DATA SECTION =>
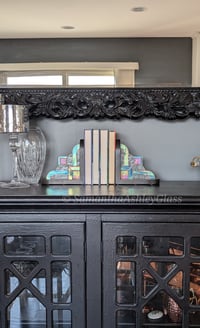 Image 1 of Art Deco Bookends - Iridescent Blue &Iridescent Clear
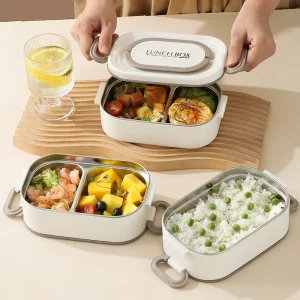 Custom Logo 304 Stainless Steel Lunch Box Leak Proof Divided Bento Container Microwave Safe Portable Lunch Box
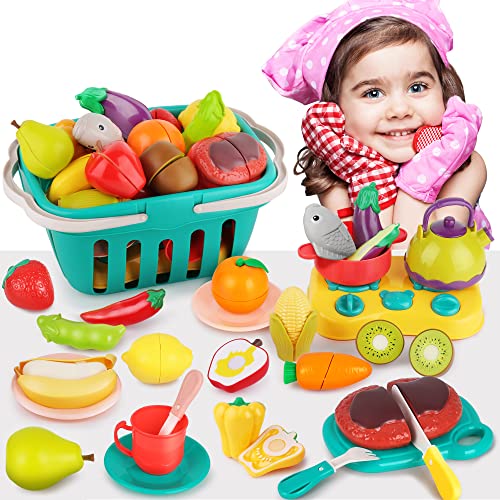 Cutting Play Food Toy for Kids Kitchen Set,Pretend Cooking Fruit &Vegetables&Fast Food
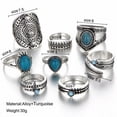 thumbnail image 3 of 8 Piece Vintage Anillo Set Gemstone Boho Finger Anillos de las mujeres del dedo medio Estética calado Anillos grabados Anillos de diamantes de imitación, 3 of 8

TASK INSTRUCTIONS =>
All lines of the listing must be given again exactly, excluding the pictures.

TASK RESULT =>
 Image 1 of Art Deco Bookends - Iridescent Blue &Iridescent Clear
 Custom Logo 304 Stainless Steel Lunch Box Leak Proof Divided Bento Container Microwave Safe Portable Lunch Box
 Cutting Play Food Toy for Kids Kitchen Set,Pretend Cooking Fruit &Vegetables&Fast Food
 thumbnail image 3 of 8 Piece Vintage Anillo Set Gemstone Boho Finger Anillos de las mujeres del dedo medio Estética calado Anillos grabados Anillos de diamantes de imitación, 3 of 8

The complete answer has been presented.